Analysis of a Thermodynamic Determination of the Surface Tension of a Two-Component Vapor–Liquid System

Abstract

A numerical analysis is performed of a thermodynamic determination of the surface tension (ST) of a vapor–liquid binary mixture and interfacial tension (IT) between two liquid phases as the excess value of free energy ΔF of a two-phase system with and without for a phase boundary. Calculations are made in the simplest version of the lattice gas model (LGM), allowing for the interaction of nearest neighbors in a quasi-chemical approximation.
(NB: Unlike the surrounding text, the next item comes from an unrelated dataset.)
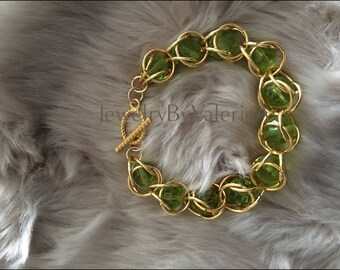 Beaded Chainmaille Bracelet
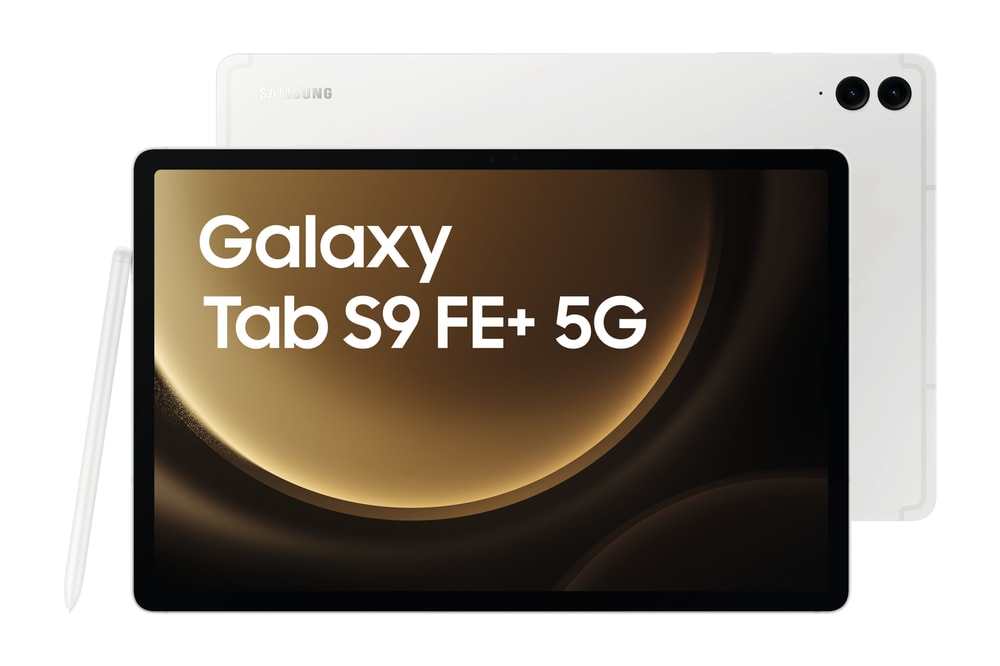 Galaxy Tab S9+ FE 5G 128GB Silver Tablet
Each node of a two-component mixture in the LGM system can be occupied by mixture components A + B and vacancy V. The two main ways of calculating ST, expressed in terms of different partial contributions Miq to excess free energy ΔF (where i = A, B, V are vacancies; 1 ≤ q ≤ κ, q is the number of the monolayer inside the boundary; and κ is its width), are compared, as are calculations of ST and IT as excess free energy ΔF for a lattice model with no vacancies. The ambiguity of ST and IT values depending on the type of Miq functions is obtained by calculating the temperature dependence for a flat boundary and the dependence of ST and IT on droplet size at a fixed temperature. The role of vacancies in the LGM as the main mechanical characteristic of the system under the condition of strict phase equilibrium in three equilibria (mechanical, energy, and chemical) is discussed.